Petrol prices still way above fair levels, warns RAC

Petrol drivers are still getting a raw deal at the pumps despite a record price drop in August, the RAC has argued.

Although a further 12.31p came off the average price of unleaded last month, the RAC said it should have dropped much further

Although a further 12.31p came off the average price of unleaded last month – putting the average price under 170p (169.8p) for the first time since May – the RAC said it should have dropped much further.

In fact, it believes average forecourt petrol prices should actually be around the 161p mark after the average weekly delivered wholesale price fell to reach just 124.08p last week. And this allows for a significant retailer margin of 10p per litre

The last time the delivered wholesale price of petrol was at its current level was in late April, when retailers were charging on average around 162p per litre.

Diesel pump prices, however, remain a fairer reflection of wholesale prices. A total of 8.35p came off the average price of a litre in August, ending the month at 183.71p. This means it now costs £4.59 less to fill a 55-litre car than it did a month ago, with costs down from £105.63 to £101.04.

The RAC also warned that supermarkets, traditionally the cheapest for fuel, still don’t necessarily have the lowest-price unleaded at the moment.

The biggest supermarkets were charging just 1.62p below the average price of petrol last month (168.18p), compared to the typical 3p.
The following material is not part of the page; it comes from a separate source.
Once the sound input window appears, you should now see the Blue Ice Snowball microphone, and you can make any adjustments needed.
Instead, the independents continue to lead the way, undercutting prices and charging “fairer” levels for fuel.

And supermarkets in some parts of the country appear to be charging much more for the same fuel than in other areas.

RAC spokesperson Rod Dennis said: “There’s a real postcode lottery out there, with prices varying wildly depending on where a driver is in the country. Drivers must shop around for the best deal they can, and we applaud those independent retailers who are doing their best to charge a fairer price for fuel and support their local communities through this incredibly expensive time.”
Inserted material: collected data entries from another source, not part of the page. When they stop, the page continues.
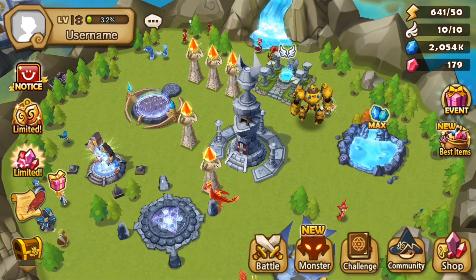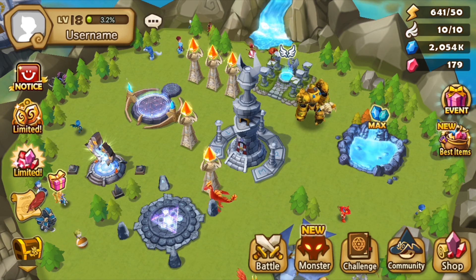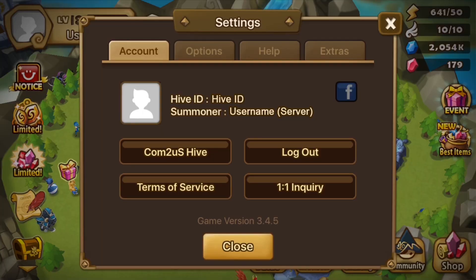Once you're in Summoner's War, just click on your username or profile picture in the upper left hand corner of the screen, and you'll see your Hive ID and username listed there.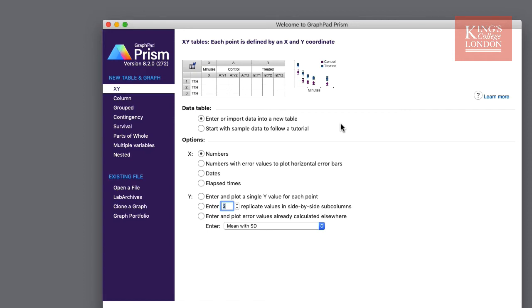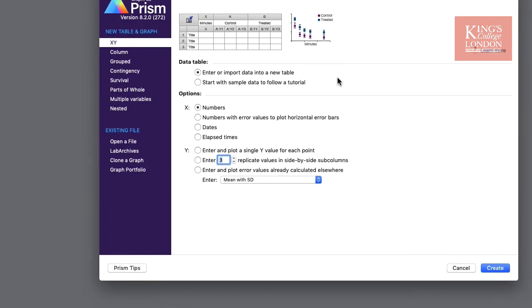Beneath the data tables are a list of options. These options will be particular to whichever data you are trying to enter. For instance here with our XY graph we have four options for X entry and three options for Y entry. They include numbers, numbers with horizontal error bars, dates and times, and for Y we can choose single, multiples or simply enter mean plus or minus your standard deviation or standard error.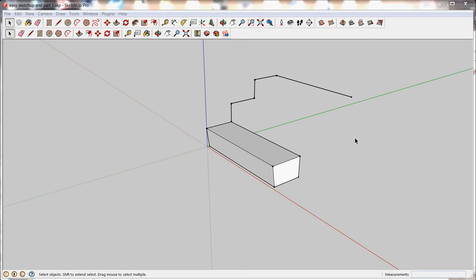Okay, so part two of the Easy Sketchup series gets into taking objects that you've made and turning them into groups and learning how to move them around in space and rotate them.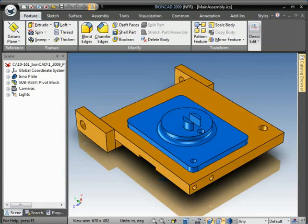This video will show you how to create a circular pattern using the new pattern feature that was implemented in IronCAD 2009 XG.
He also warned that dark clouds are beginning to gather once again for prices.

The cost of oil – the biggest contributor to wholesale petrol and diesel prices – fell significantly in August, down $7.67 to end the month at $92.36. But OPEC+, which represents many of the biggest oil-producing nations, may choose to cut production at a meeting next week. If it does, oil prices may begin to rise once again.

Sterling also had its worst performance against the US dollar in August since October 2016, with a pound worth just $1.16 by the month’s end, which – as fuel is traded in dollars – makes it more expensive to purchase on the wholesale market.

Analysis by the RAC in August also revealed that the UK is one of the least generous countries when it comes to supporting drivers with high petrol and diesel prices.

Rod Dennis continued: “We urge the incoming Prime Minister to heed our calls for more financial assistance for drivers, such as a deeper cut in fuel duty, and to look carefully at the much more generous packages of help being offered to those in other countries across Europe.”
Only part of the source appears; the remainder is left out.